Cost of giving is going up

The American Farm Bureau Federation estimates that the Thanksgiving dinner will cost approximately 4.4 percent more this year. Of course, that's only for those of us who can afford such a thing. That is a very real issue with those furloughed government workers who are facing one less paycheck this month. Moreover, to the International Union of Gospel Missions, an association of rescue missions in the United States and Canada, that increase could prove significant. They reported there will be several thousand children, approximately 11 percent, of the over 75,000 homeless in this country having Thanksgiving at shelters this year. Don't forget that these shelters are staffed by dedicated, compassionate people whose efforts go thankless the year 'round, and who are not all volunteers. This is just representative of the generosity that will be displayed at this time of year. For example, Death Row Records, home of such rap artists as Snoop Dogg and now Tupac Shakur, will be distributing some 2,000 turkeys to needy families at the headquarters of the Brotherhood Crusade in Los Angeles, California. Churches, missions, and charity organizations across the country will follow suit in an attempt to fill the void left by poverty, unemployment, and a depressed economy no one wants to acknowledge. You might say Death Row Records can afford to give the turkeys away and I might agree, but the point is that the cost of giving is going up. If the cost of living and surviving is increasing, this impacts our ability to give to organizations like the International Union of Gospel Missions, the Brotherhood Crusade, Public Broadcasting, or the United Way.

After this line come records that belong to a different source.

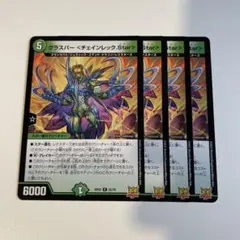 デュエマ デッキ販売 龍軸チェイングラスパーおまけ付き 龍軸チェイングラスパー デッキパーツ - メルカリ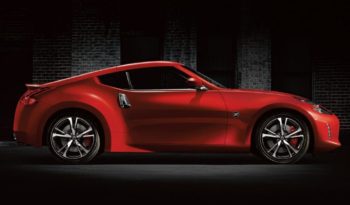 Nissan 370z Coupe full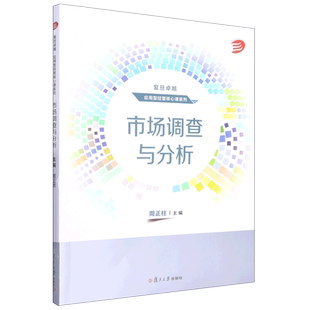 市场调查与分析/复旦卓越应用型经管核心课系列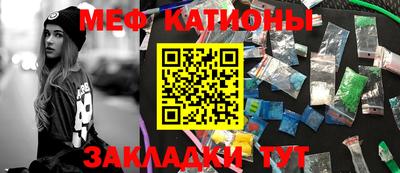 соль ск Балаково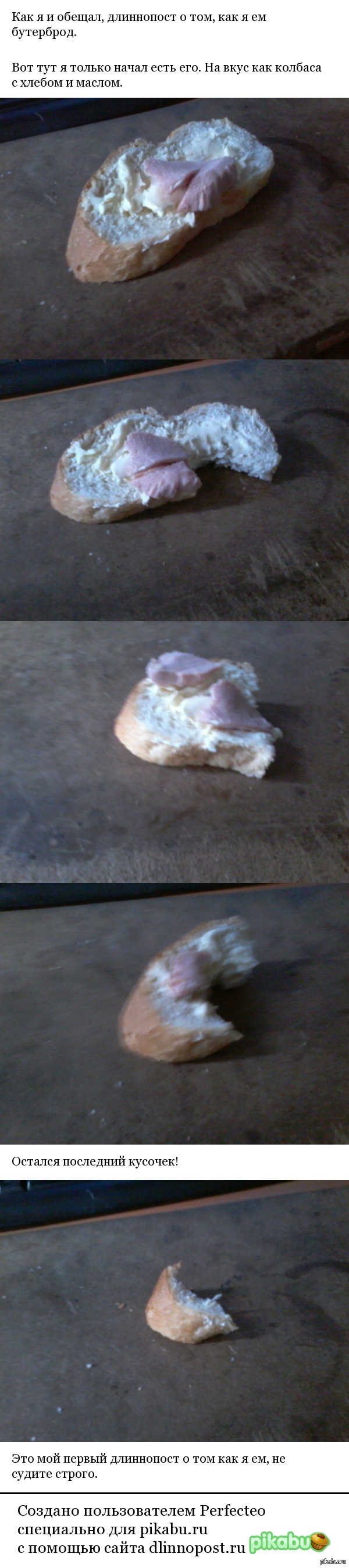 �� ����� ��� ���� SUBWAY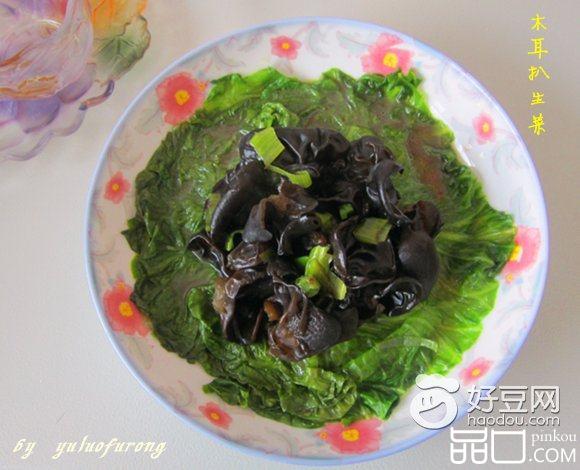 木耳扒生菜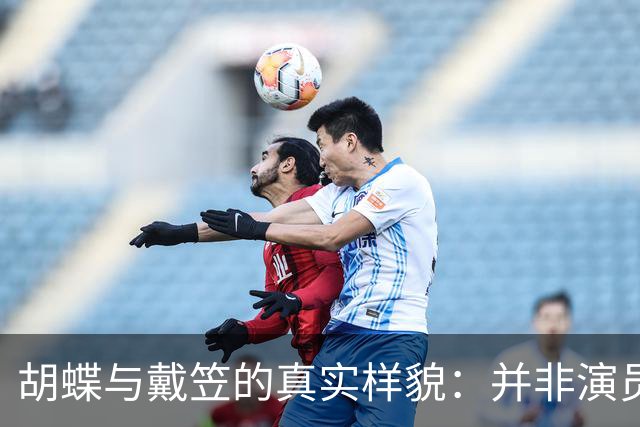 胡蝶与戴笠的真实样貌：并非演员扮演，而是货真价实的罕见历史照片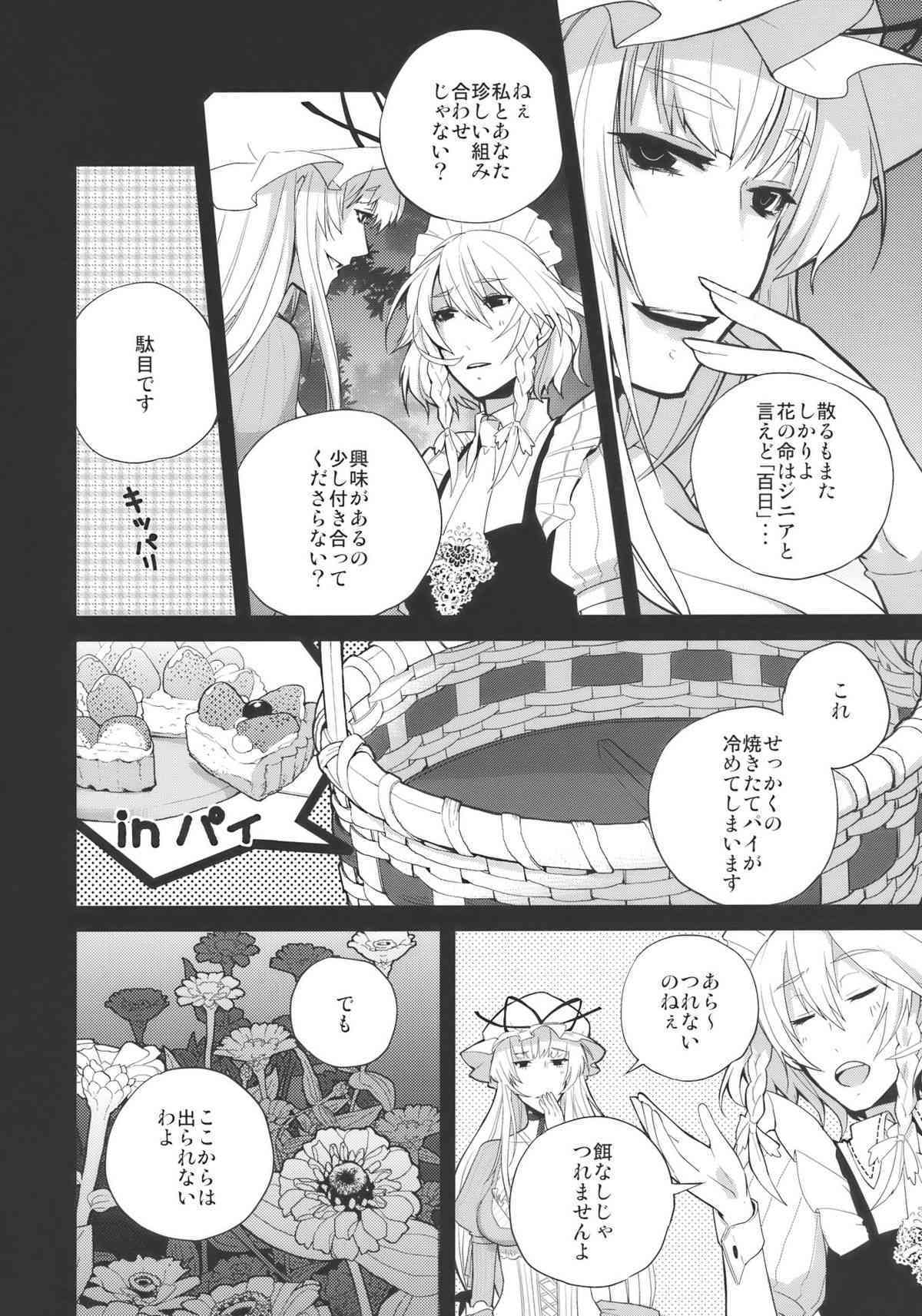 fairy story page 8 full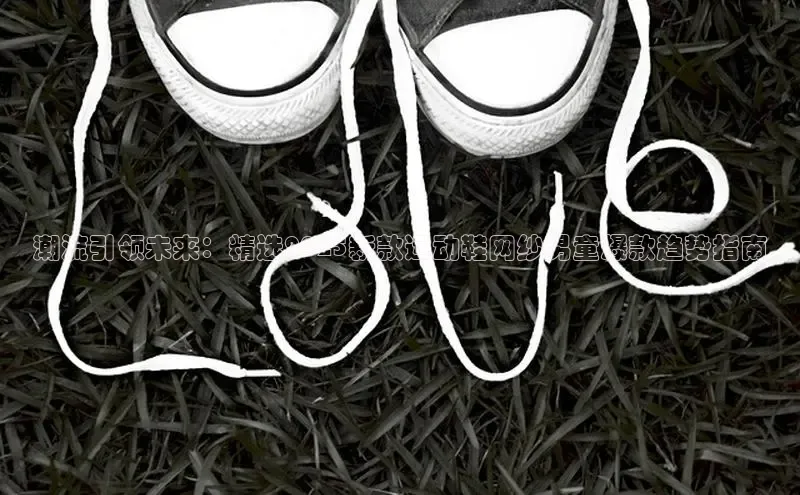 米兰全站登录入口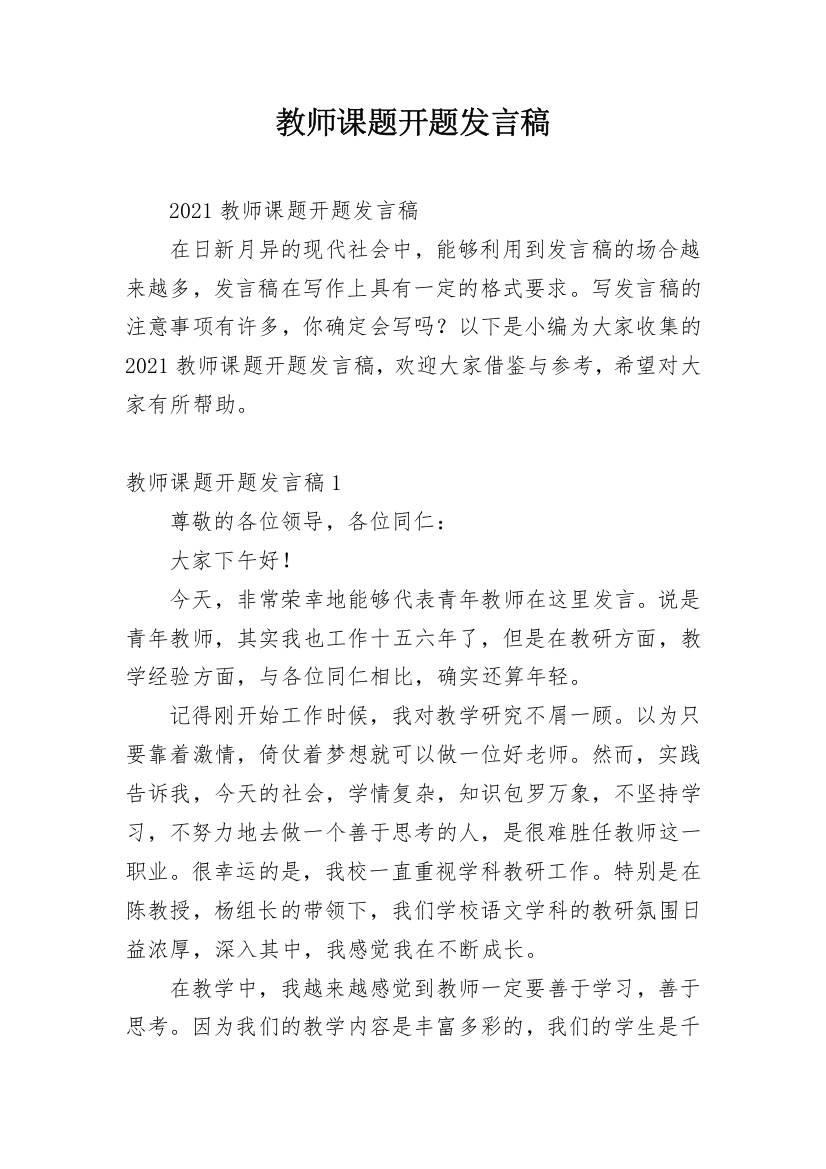 教师课题开题发言稿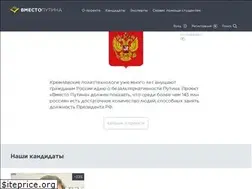 Sites similar to vmestoputina.ru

Charity organizations report every year that the donations are decreasing and the cost of doing business is increasing. Times are hard, notwithstanding the leading economic indicators or the declining unemployment figures, or the strength of the dollar against the British pound. Most people in this country find it very difficult to save money for a down payment on that "dream" home, afford college for that so called Generation X teenager, and still have enough for a comfortable retirement then this time of year sneaks up on them. There is just not enough money to go around, much less give to charity. Maybe this explains the mean spirited tone coming out of our lawmakers lately. For, I am sure you know that our politicians are simply conduits for the wishes of their constituents. They only reflect what the people want. You've heard it before; welfare recipients don't deserve a free ride and should work like the rest. The homeless are slackers; there are jobs available, just look at classified ads. Affirmative action is giving others an unfair advantage and resulting in reverse discrimination. Illegal aliens are invading the land, soaking up services reserved for "real" taxpayers. And speaking of taxes, hard working Americans are tired of the government on their backs and in their pockets. The American health care system is the greatest in the world and the cornerstone of that system is a choice of doctors. Simple economics supply and demand. The supply of benefits and services are limited and declining, so America demands their fair share and those who have not contributed are not entitled.

Come now, folks .

It is understandable that competition for limited goods and services is fierce, but the targeted enemy appears to be the poor, the homeless, disenfranchised, and the unempowered. They are easy targets because they lack political power or the financial wherewithal to be influential. The ludicrous, inane and cruel arguments given above are offered to an already distracted public. Most people are grappling with mortgages, rising prices, and corporate downsizing; to incense their emotions with such rhetoric is irresponsible. This causes them to lose sight of the enemy; the poor and disenfranchised no longer have faces, but become designations for the distant masses. When shortsighted politicians move to put in place policies purported to "reinvest in America," but the profits go to the few, in lieu of the many, I question their leadership. But to go further and accuse the poor and disenfranchised of not contributing to the American dream, thus messing it up for everybody, is approaching on desperation.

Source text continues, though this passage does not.